Dollar Drops to 6 Month Lows, What Next?
At the start of the North American trading session, the trade weighted dollar index fell to its lowest level in 6 months. The sell-off in the greenback drove the British pound to fresh 4.5-year highs and the New Zealand dollar to its strongest level in 2.5 years. At the same time, EUR/USD and USD/CHF are closing in on their 2-year highs. While it would be easy to attribute the weakness of the dollar to stronger external economic data, the broad based nature of the sell-off indicates that the move is also driven by the lack of desire to own dollars. The U.S. trade balance fall short of expectations in March, raising the risk of negative GDP growth in the first quarter. U.S. Treasury yields are also moving lower, a sign that investors expect the latest economic reports to limit Janet Yellen’s optimism.

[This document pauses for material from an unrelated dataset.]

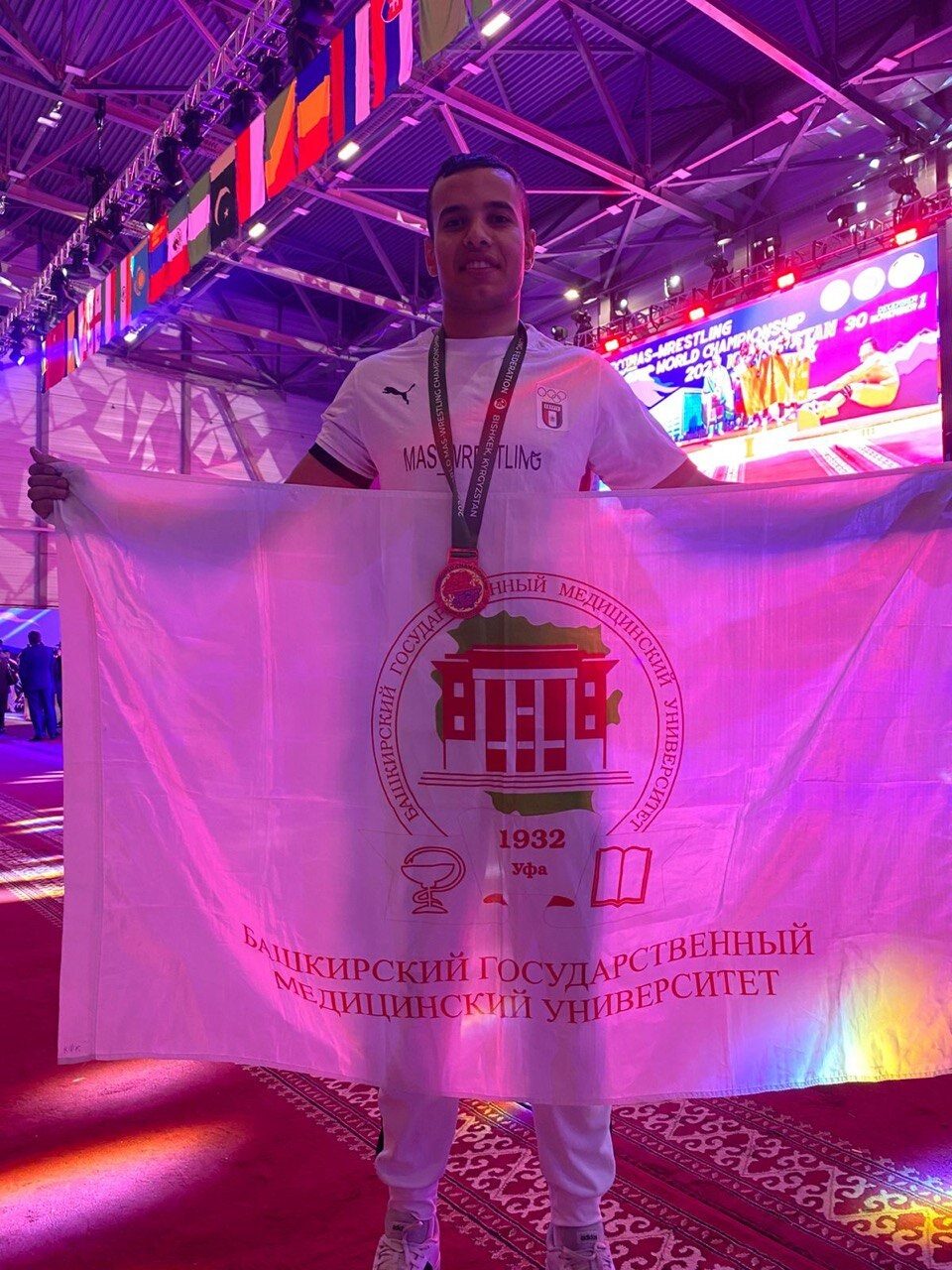 Иностранный студент БГМУ стал призером чемпионата мира по мас-рестлингу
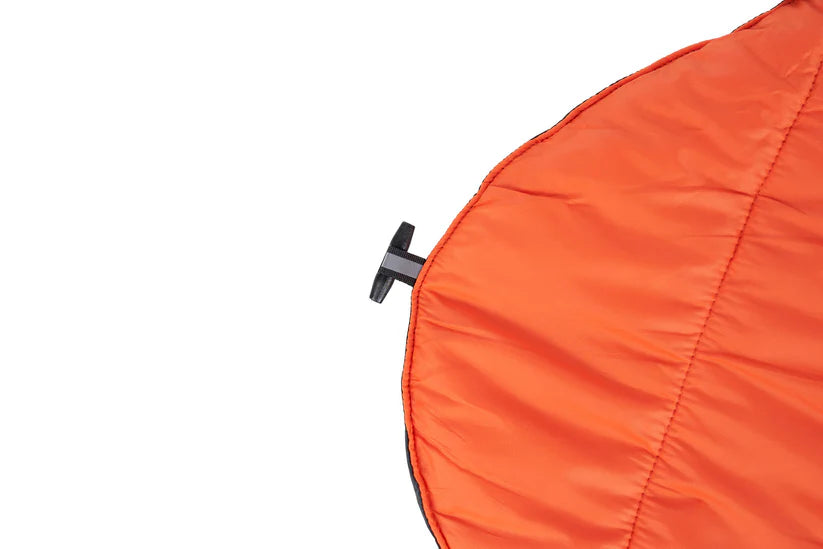 Protector bivvy bed アウトドア後の回復を支える、保温性に優れたドッグ用ベッド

The Fed Chair will be testifying before the Joint Economic Committee tomorrow and while there is no question the economy is recovering from the hard winter, the underlying weakness in labor force participation and low inflation will deter the head of the central bank from saying anything that could threaten the downtrend in yields. Remember, U.S. policymakers have made it a priority to keep rates low as they unwind Quantitative Easing.
Meanwhile everyone is talking about the major head and shoulders pattern in the Dollar Index that is shown in the chart below. If the dollar continues to fall and breaks through 78.85, there is no major support until 76 but this would most likely require 10-year Treasury yields to fall toward 2.5%. If Janet Yellen ignores the weak reports and talks about when rates could rise, the dollar index will bounce off 79 and move back above 80.
As much as the market may be focused on the dollar and where it is headed, there’s still a significant amount of event risk for other major currencies this week. We are still waiting for the results of New Zealand’s dairy auction. Tonight we have a speech from RBNZ Governor Wheeler on the impact of dairy on New Zealand’s economy, NZ employment, Australian retail sales and Australian employment figures. Tomorrow Chinese trade numbers are scheduled for release and on Thursday we have the European Central Bank’s monetary policy announcement. So as much as the major currency pairs will be driven by the market’s appetite for dollars, external data such as this morning’s solid U.K. PMI services report will also decide how the pairs trade.